Потом он отбросил эту мысль и сам покраснел от сознания, что он фат, и
искал других причин, а сердце ноет, мучится, терзается, глаза впиваются в
нее с вопросами, слова кипят на языке и не сходят. Его уже гложет ревность.
"Что ж это? Ужели я, не шутя, влюблен? - думал он. - Нет, нет! И что
мне за дело? ведь я не для себя хлопотал, а для нее же... для развития...

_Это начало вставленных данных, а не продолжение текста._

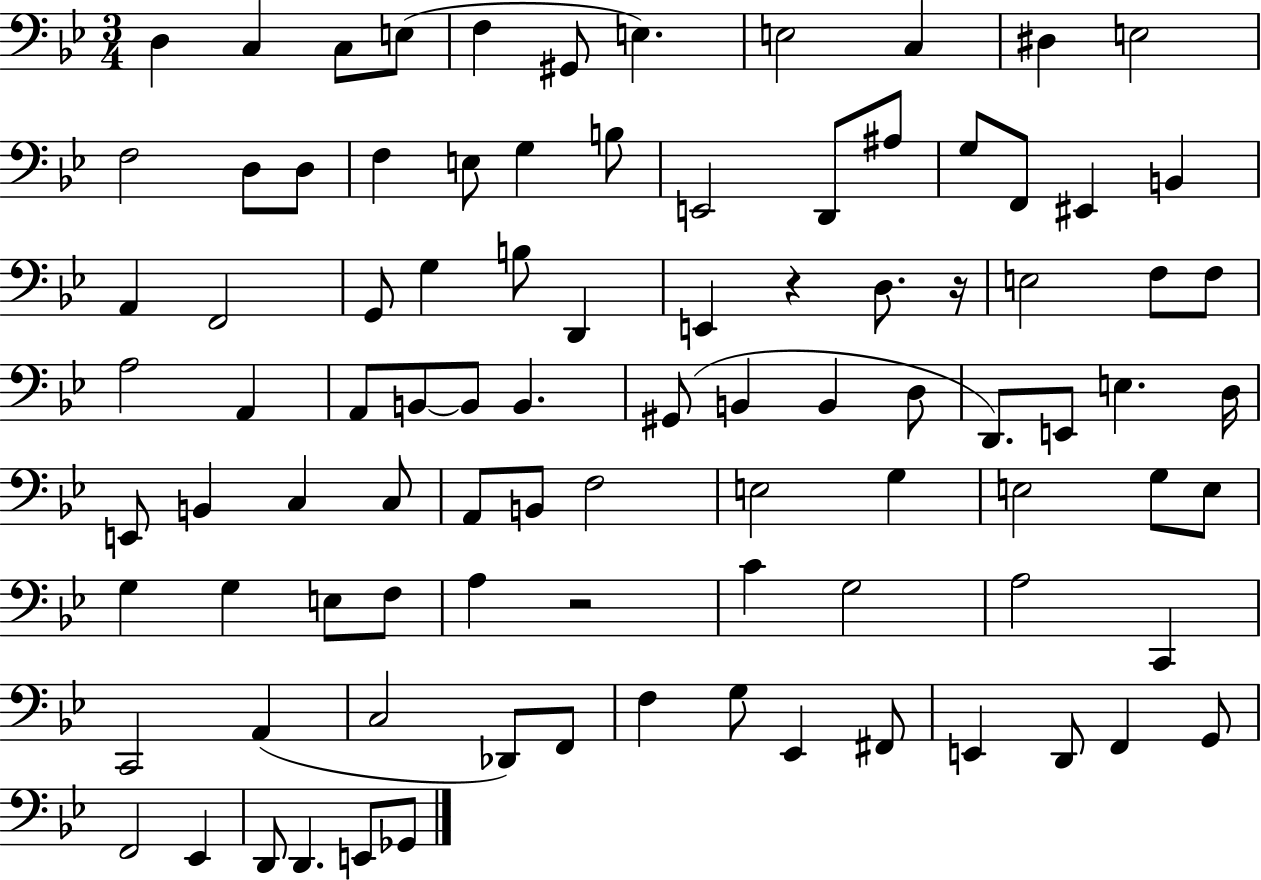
X:1
T:Untitled
M:3/4
L:1/4
K:Bb
D, C, C,/2 E,/2 F, ^G,,/2 E, E,2 C, ^D, E,2 F,2 D,/2 D,/2 F, E,/2 G, B,/2 E,,2 D,,/2 ^A,/2 G,/2 F,,/2 ^E,, B,, A,, F,,2 G,,/2 G, B,/2 D,, E,, z D,/2 z/4 E,2 F,/2 F,/2 A,2 A,, A,,/2 B,,/2 B,,/2 B,, ^G,,/2 B,, B,, D,/2 D,,/2 E,,/2 E, D,/4 E,,/2 B,, C, C,/2 A,,/2 B,,/2 F,2 E,2 G, E,2 G,/2 E,/2 G, G, E,/2 F,/2 A, z2 C G,2 A,2 C,, C,,2 A,, C,2 _D,,/2 F,,/2 F, G,/2 _E,, ^F,,/2 E,, D,,/2 F,, G,,/2 F,,2 _E,, D,,/2 D,, E,,/2 _G,,/2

"для общества". Еще последнее усилие!.."
- Последний вопрос, кузина, - сказал он вслух, - если б... - И
задумался: вопрос был решителен, - если б я не принял дружбы, которую вы
подносите мне, как похвальный лист за благонравие, а задался бы задачей
"быть генералом": что бы вы сказали? мог ли бы, могу ли?.. - "Она не
кокетка, она скажет истину!" - подумал он.
- Поддержали бы вы эту надежду, кузина?
Он дрожа выговаривал последние слова и боялся взглянуть на нее. Она
засмеялась.
- У вас нет никаких надежд, cousin, - произнесла она равнодушно.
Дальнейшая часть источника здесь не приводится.